:: DATASET EXCERPT ::
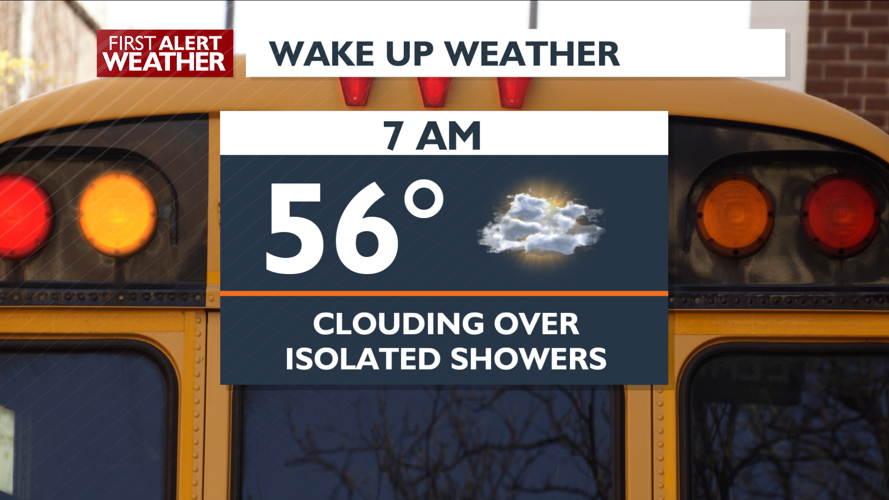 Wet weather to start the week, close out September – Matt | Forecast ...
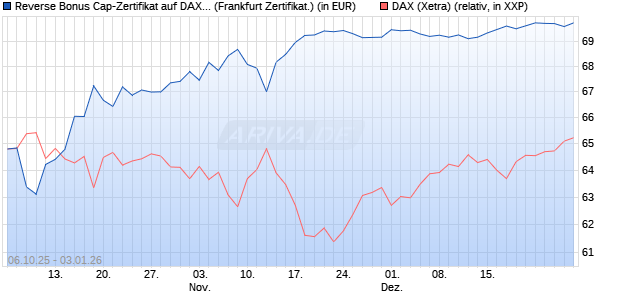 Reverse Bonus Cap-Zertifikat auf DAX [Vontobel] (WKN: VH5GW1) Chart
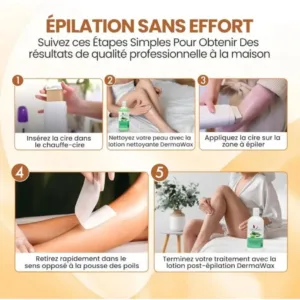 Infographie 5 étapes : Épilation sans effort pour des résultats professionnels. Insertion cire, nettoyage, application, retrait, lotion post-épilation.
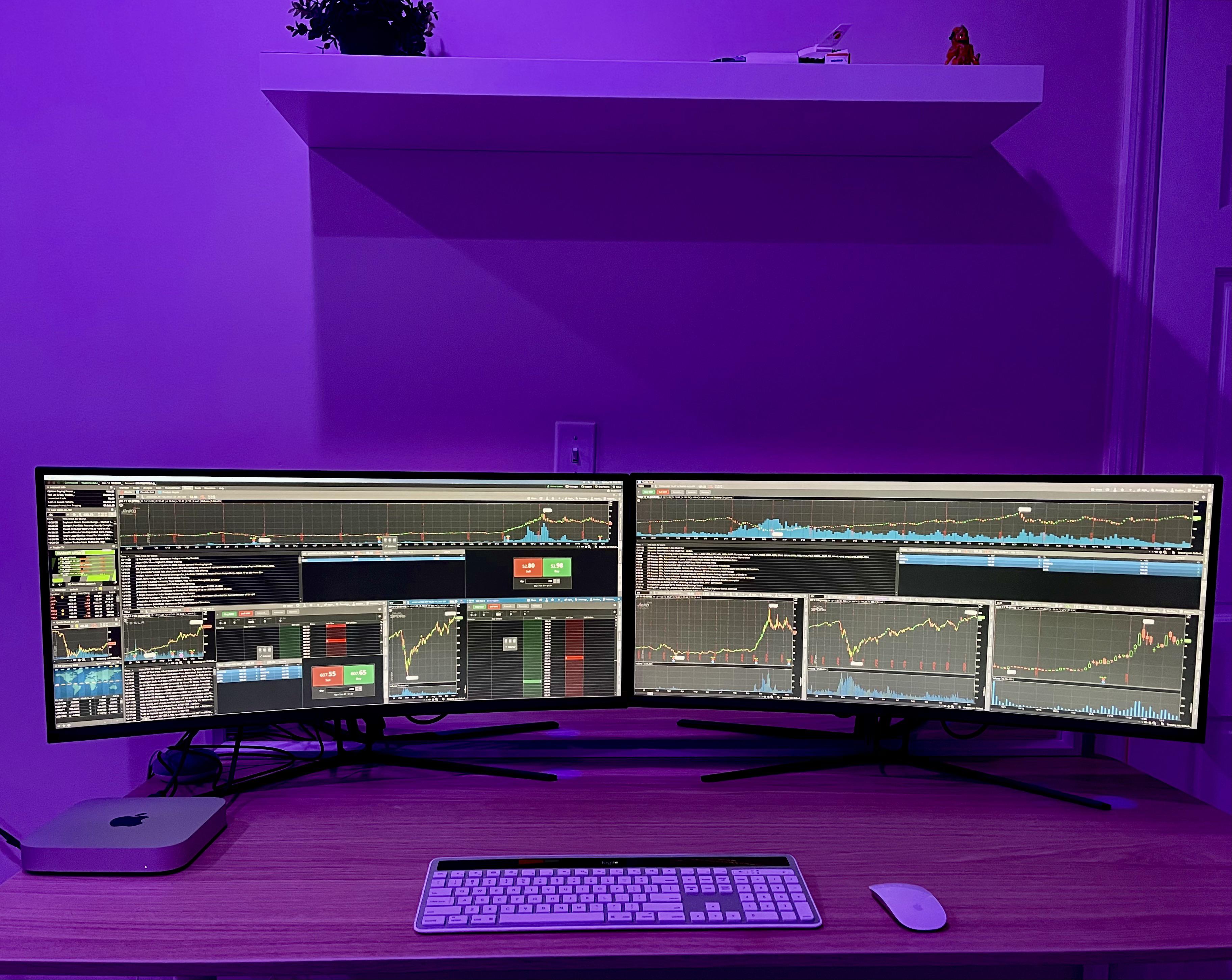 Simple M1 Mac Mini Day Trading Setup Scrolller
:::
• **YOUR ASSIGNMENT**
Transcribe the span of lines that runs from the line with "Reverse Bonus Cap-Zertifikat" to the end of the data, both ends included, exactly, with nothing else and no pictures.

• **THE ANSWER**
 Reverse Bonus Cap-Zertifikat auf DAX [Vontobel] (WKN: VH5GW1) Chart
 Infographie 5 étapes : Épilation sans effort pour des résultats professionnels. Insertion cire, nettoyage, application, retrait, lotion post-épilation.
 Simple M1 Mac Mini Day Trading Setup Scrolller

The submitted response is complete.